Stored dataset items:
┏━━
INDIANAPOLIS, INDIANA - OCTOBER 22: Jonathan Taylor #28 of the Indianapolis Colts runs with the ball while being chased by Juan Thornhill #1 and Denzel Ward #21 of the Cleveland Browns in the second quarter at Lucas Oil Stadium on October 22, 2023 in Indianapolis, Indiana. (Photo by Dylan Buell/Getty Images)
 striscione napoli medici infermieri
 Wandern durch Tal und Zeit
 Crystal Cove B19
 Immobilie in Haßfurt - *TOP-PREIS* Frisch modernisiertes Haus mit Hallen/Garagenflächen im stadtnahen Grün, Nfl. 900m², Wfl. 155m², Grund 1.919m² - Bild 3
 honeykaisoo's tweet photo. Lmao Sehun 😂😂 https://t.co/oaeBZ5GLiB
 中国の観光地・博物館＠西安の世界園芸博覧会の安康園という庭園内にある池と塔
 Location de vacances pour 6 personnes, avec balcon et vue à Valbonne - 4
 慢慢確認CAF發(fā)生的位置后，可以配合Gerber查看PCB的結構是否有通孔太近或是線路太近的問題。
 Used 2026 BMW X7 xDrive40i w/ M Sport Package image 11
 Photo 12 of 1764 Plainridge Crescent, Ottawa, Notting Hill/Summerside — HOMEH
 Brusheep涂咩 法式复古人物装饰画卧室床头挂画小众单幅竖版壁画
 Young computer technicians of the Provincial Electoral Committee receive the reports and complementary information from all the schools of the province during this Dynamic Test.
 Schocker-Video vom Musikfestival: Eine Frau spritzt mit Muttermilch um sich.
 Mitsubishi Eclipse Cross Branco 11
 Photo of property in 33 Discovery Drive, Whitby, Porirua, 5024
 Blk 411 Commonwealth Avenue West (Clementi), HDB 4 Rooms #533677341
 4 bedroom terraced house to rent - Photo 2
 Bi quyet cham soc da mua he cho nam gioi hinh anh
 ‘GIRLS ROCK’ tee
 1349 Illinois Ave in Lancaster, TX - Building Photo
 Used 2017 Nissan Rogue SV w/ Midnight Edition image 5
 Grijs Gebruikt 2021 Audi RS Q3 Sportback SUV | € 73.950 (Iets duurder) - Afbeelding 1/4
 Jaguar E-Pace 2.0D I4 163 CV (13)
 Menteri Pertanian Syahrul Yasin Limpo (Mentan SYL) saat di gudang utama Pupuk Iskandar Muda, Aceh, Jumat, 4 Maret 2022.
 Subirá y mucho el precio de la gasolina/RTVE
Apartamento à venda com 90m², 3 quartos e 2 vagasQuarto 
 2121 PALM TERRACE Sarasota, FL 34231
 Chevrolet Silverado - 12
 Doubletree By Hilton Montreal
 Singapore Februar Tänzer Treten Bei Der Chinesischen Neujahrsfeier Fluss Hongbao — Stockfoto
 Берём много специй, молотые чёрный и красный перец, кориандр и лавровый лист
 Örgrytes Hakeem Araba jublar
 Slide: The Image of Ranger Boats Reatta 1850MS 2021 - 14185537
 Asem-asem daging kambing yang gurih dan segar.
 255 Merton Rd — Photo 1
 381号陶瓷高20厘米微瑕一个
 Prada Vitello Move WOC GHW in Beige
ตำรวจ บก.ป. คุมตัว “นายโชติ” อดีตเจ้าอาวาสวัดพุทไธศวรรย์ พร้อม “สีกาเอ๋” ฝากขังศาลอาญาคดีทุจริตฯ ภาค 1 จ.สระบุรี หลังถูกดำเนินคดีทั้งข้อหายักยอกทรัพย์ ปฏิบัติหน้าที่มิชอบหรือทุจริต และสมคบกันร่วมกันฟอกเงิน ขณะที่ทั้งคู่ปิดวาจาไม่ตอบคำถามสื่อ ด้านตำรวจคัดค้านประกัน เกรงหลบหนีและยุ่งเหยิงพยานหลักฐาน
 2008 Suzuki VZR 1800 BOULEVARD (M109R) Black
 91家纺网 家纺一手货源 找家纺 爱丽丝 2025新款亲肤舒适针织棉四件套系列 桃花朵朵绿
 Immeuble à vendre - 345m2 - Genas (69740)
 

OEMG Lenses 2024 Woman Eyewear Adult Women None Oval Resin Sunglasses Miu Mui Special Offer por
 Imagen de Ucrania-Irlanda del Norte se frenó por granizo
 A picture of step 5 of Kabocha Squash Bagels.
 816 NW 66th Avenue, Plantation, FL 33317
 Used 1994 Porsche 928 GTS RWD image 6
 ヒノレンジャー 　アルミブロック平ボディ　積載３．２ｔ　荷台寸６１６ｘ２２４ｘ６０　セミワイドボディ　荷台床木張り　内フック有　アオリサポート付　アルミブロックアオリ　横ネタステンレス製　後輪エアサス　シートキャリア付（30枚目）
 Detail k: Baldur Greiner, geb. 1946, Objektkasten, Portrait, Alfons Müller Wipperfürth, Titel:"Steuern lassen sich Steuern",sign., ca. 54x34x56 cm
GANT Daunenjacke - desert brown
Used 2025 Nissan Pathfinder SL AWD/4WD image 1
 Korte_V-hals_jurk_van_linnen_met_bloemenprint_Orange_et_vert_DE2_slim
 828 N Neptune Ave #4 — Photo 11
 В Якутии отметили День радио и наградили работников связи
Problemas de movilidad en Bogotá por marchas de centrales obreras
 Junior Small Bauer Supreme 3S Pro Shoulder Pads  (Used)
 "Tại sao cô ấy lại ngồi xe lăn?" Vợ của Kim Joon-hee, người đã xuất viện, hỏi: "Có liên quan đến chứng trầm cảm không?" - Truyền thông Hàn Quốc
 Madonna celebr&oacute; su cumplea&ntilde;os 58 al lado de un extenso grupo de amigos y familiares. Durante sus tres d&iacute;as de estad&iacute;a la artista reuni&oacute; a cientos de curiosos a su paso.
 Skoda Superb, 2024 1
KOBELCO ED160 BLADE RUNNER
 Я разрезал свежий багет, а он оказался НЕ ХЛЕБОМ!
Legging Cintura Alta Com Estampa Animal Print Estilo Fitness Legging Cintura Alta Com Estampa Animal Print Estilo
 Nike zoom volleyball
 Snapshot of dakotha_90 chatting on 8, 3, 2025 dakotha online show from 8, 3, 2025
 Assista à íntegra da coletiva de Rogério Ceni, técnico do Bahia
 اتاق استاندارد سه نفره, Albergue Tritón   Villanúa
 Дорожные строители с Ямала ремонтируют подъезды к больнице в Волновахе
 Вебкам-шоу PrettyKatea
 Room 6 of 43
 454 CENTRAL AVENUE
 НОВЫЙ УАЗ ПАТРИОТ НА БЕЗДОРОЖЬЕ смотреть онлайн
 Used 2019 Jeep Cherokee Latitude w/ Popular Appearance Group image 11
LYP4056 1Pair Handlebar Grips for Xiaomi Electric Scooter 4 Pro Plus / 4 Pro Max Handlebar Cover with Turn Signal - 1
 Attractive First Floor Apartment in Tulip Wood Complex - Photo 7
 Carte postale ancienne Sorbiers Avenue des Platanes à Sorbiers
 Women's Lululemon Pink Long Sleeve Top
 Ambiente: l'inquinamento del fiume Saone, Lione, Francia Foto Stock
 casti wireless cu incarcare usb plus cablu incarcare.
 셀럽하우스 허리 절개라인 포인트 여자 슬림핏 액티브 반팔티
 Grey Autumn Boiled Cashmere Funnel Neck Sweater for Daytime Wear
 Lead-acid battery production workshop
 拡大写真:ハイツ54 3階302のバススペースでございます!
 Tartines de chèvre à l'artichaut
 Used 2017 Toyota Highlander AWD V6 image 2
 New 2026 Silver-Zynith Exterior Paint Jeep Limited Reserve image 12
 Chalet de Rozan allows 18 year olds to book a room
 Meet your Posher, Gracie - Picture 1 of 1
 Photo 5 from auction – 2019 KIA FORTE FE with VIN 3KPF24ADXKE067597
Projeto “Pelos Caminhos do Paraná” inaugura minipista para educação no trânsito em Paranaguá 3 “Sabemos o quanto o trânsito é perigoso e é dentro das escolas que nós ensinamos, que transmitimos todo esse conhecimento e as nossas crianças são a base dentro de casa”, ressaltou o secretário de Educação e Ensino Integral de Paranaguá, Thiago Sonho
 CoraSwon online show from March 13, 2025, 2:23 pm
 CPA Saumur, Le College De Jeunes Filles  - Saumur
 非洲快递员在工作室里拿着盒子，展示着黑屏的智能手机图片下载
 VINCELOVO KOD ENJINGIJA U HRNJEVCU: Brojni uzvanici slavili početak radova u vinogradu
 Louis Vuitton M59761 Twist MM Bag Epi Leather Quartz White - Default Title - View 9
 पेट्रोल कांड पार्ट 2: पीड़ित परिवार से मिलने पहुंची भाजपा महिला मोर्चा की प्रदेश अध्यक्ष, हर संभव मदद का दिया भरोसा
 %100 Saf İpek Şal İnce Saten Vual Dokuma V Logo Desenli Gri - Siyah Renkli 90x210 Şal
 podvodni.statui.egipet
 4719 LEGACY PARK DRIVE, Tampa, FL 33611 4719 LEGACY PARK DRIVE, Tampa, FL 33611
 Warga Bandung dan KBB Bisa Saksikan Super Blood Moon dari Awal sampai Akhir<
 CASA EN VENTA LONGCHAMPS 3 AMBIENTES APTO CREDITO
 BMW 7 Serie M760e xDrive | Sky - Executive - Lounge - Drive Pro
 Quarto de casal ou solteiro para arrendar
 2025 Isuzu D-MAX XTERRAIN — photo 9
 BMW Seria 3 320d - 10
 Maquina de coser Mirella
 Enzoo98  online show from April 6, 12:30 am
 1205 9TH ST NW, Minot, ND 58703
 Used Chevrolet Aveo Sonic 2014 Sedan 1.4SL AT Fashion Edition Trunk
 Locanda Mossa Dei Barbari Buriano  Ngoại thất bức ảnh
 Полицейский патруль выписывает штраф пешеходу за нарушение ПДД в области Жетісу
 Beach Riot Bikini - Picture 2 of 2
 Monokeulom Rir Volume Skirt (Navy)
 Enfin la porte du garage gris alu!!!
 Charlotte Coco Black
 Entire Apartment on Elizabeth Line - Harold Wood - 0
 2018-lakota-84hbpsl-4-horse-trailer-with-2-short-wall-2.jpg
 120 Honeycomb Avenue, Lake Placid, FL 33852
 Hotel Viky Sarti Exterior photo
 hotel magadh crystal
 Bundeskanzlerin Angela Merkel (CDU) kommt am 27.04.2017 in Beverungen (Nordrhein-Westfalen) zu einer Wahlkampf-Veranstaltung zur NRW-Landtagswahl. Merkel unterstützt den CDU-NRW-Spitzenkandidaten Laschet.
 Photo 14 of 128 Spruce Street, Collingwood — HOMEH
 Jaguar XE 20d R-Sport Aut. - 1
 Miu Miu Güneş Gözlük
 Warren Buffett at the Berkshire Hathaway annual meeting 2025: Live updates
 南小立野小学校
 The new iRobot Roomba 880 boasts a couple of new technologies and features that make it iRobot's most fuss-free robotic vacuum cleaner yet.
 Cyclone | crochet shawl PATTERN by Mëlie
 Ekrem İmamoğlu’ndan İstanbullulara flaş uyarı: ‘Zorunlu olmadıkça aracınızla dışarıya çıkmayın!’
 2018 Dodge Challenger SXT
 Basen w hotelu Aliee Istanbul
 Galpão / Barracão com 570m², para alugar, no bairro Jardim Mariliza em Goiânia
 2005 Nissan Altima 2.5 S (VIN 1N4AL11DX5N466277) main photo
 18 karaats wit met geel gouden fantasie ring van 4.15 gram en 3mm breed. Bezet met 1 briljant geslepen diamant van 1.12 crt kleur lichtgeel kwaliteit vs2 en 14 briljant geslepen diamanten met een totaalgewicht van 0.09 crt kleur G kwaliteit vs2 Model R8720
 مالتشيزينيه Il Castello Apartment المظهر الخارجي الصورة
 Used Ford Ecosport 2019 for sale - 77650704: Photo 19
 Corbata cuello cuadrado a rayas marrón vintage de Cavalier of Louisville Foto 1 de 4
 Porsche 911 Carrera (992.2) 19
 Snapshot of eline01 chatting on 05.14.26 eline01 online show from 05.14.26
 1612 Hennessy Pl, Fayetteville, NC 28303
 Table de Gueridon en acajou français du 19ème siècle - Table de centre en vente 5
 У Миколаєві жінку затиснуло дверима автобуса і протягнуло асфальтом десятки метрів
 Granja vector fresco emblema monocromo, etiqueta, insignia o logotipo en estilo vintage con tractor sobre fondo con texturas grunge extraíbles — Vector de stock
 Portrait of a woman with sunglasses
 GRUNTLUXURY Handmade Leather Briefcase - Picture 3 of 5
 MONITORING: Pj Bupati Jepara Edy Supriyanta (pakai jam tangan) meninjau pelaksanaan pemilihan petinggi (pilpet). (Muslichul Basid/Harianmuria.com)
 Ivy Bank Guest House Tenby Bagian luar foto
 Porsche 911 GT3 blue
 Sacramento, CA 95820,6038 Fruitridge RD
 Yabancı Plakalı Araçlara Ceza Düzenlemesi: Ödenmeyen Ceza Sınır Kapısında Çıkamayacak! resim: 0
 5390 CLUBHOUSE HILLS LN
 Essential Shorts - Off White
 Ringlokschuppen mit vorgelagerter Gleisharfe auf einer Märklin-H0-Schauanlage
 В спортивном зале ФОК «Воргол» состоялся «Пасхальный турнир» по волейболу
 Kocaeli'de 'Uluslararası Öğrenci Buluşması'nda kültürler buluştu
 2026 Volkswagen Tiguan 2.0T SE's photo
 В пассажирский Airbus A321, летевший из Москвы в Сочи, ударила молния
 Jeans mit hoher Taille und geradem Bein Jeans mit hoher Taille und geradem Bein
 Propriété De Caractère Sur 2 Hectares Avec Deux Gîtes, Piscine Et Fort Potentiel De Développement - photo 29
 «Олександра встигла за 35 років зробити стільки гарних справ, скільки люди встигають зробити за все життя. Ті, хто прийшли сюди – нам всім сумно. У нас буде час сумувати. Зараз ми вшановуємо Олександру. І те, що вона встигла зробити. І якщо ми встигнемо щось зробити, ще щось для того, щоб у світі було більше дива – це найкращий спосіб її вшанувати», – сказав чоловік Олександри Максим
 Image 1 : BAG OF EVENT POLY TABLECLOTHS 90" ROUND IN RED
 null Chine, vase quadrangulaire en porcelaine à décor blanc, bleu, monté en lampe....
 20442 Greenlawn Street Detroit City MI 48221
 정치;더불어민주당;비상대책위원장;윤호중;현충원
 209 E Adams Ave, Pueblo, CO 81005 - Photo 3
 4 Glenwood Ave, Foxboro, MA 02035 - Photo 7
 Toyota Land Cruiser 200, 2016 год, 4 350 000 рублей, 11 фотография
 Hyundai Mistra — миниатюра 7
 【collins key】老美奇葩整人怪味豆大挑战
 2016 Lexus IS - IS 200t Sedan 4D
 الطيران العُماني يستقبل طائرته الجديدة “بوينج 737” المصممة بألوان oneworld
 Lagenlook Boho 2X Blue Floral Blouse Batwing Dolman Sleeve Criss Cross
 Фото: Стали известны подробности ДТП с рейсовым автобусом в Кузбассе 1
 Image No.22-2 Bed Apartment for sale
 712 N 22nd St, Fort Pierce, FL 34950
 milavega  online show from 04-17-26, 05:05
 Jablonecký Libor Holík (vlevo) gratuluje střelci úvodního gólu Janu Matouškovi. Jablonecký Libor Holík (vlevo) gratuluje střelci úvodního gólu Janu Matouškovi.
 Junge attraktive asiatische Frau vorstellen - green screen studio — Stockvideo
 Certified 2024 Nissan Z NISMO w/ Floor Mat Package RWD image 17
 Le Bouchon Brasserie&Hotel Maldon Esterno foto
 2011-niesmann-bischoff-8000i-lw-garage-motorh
┗━━
## WHAT THE TASK ASKS
Of the lines above, output exactly those from the line bearing "Chevrolet Silverado - 12" through the line bearing "Prada Vitello Move WOC GHW in Beige", inclusive.

## RESPONSE BELOW
 Chevrolet Silverado - 12
 Doubletree By Hilton Montreal
 Singapore Februar Tänzer Treten Bei Der Chinesischen Neujahrsfeier Fluss Hongbao — Stockfoto
 Берём много специй, молотые чёрный и красный перец, кориандр и лавровый лист
 Örgrytes Hakeem Araba jublar
 Slide: The Image of Ranger Boats Reatta 1850MS 2021 - 14185537
 Asem-asem daging kambing yang gurih dan segar.
 255 Merton Rd — Photo 1
 381号陶瓷高20厘米微瑕一个
 Prada Vitello Move WOC GHW in Beige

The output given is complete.